Nobody is Perfect
I hated her in the worst way. She was my fourth grade science teacher.
She got on to this one boy about picking his nose, and I am sure he is still not over it to this day! It was traumatic, y’all. I swear it was.
But that wasn’t the reason I hated her.
No. It went far deeper than that boy’s finger.
She would not give one hundreds. No matter how good your paper was, you got a ninety-nine. A big, red ninety-nine in a big red circle.
To a shy fourth grader, this was nonsense. Utter madness.
No matter how hard you studied, you could not break the magical ceiling of ninety-nine.
She was old. I’m sure she taught for fifty years.
You could beg, you could plead, you could flick a booger on her, but the reply was always the same, ‘Nobody is perfect. There are no perfect papers. If I had time to look, I’m sure I could find something wrong. An ‘I’ not dotted. A ‘T’ not crossed. Nobody is perfect. Only Jesus.”
Now how do you argue with that? She played the Jesus card. As our teacher she already held a hand full of aces, but she had to go and say that.
As a fourth grader in the Bible Belt of America, that argument could stop a girl cold, y’all!
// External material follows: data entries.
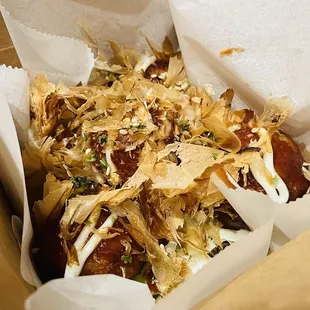 a hot dog with toppings in a box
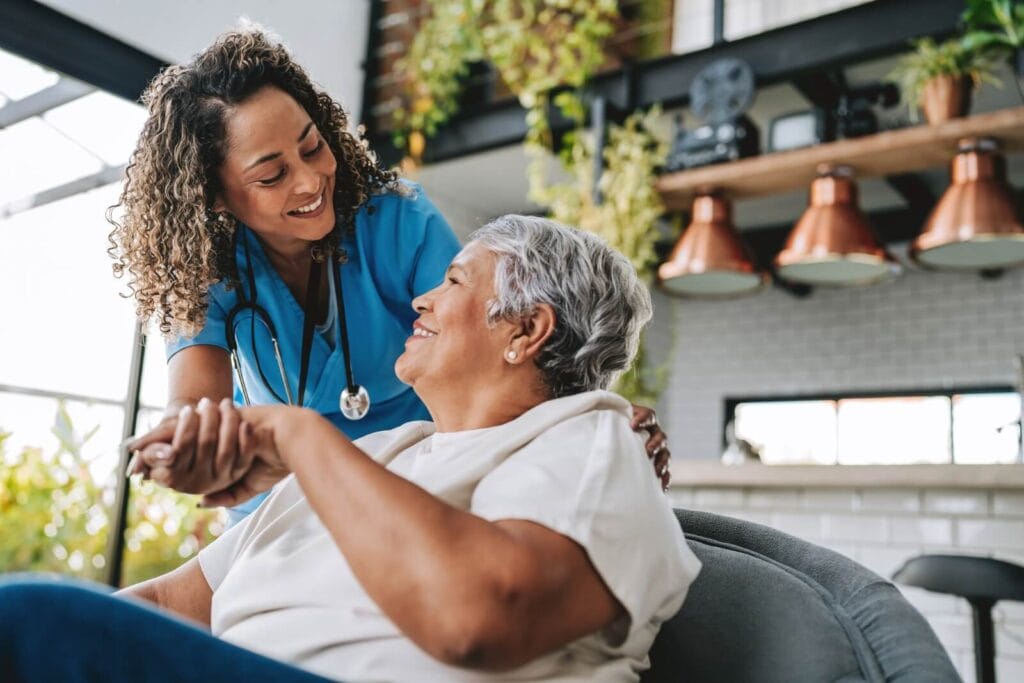 An older adult woman sits in a chair, looking up at a woman health care worker, who is holding her hand.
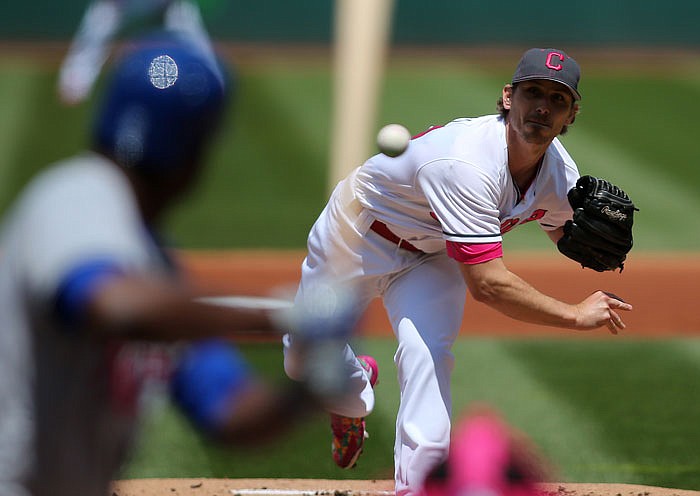 Cleveland Indians Josh Tomlin pitches during the first inning of a baseball game against the Kansas City Royals, Sunday, May 8, 2016, in Cleveland.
I ain’t even playing!
Oh, it was a good lesson…the whole concept that nobody is perfect.
But it was a lesson I was not ready to learn in fourth grade science class.
It would be a few years later before I would be ready for that one…or, well maybe a few decades later!!
And it would be that damned one hundred again. Only this time the one hundred in question was how much I needed to lose, and Mrs. Hudson had no control over it. I held all the cards, even the Jesus one!
It was a daunting number to face.
So I made a plan to lose it over the course of a year. Ten pounds a month. That sounded reasonable to me.
Right?
But often what sounds reasonable is not exactly feasible. And for me to lose that much in a year just wasn’t.
I made a chart.
I drew one hundred empty circles.
I thought it would be fun to color one in every time I lost a pound.
But I made no plan for when perfection was not reached.
I made ten pounds the first month plus some.
The second month I barely scraped by, and that was only because the two months together made twenty.
And I wasn’t ready for that third month when perfection was not achieved.
I recalculated what I would have to do to make it in a year.
For some reason that was important to me.
But attempt after attempt failed because I refused to face the inevitable.
I cannot lose one hundred pounds in a year.
When I decided to try one more time, I made no charts, no graphs, no time frame plan of any kind.
I decided that at least getting a few poundsoff was better than none. Believe it or not, I had no ultimate goal. I just wanted to get under 200 pounds and at least make it to a size sixteen.
And it’s amazing what can happen when you let go of perfection.
Although I had not made a chart full of little circles, I was making a life full of them. Coloring them in one circle at a time.
It took me two years to lose, and a lot can happen in two years.
If I had kept that chart, I would have colored in so much more than numbers.
I would have colored in circles for facing my fear of the gym, letting go of what hurts me, jogging a mile without stopping, entering a 5K race….
And you know what?
There were WAY more than a hundred circles to fill. I needed more than a year. I had a lot to work on.
Although the numbers seemed to portray that I could do it in a year, the life lessons did not.
I learned one of the biggest lessons while stuck at 203 pounds for three months. No circles colored for pounds lost, but certainly circles colored for sticking it out no matter what and willpower!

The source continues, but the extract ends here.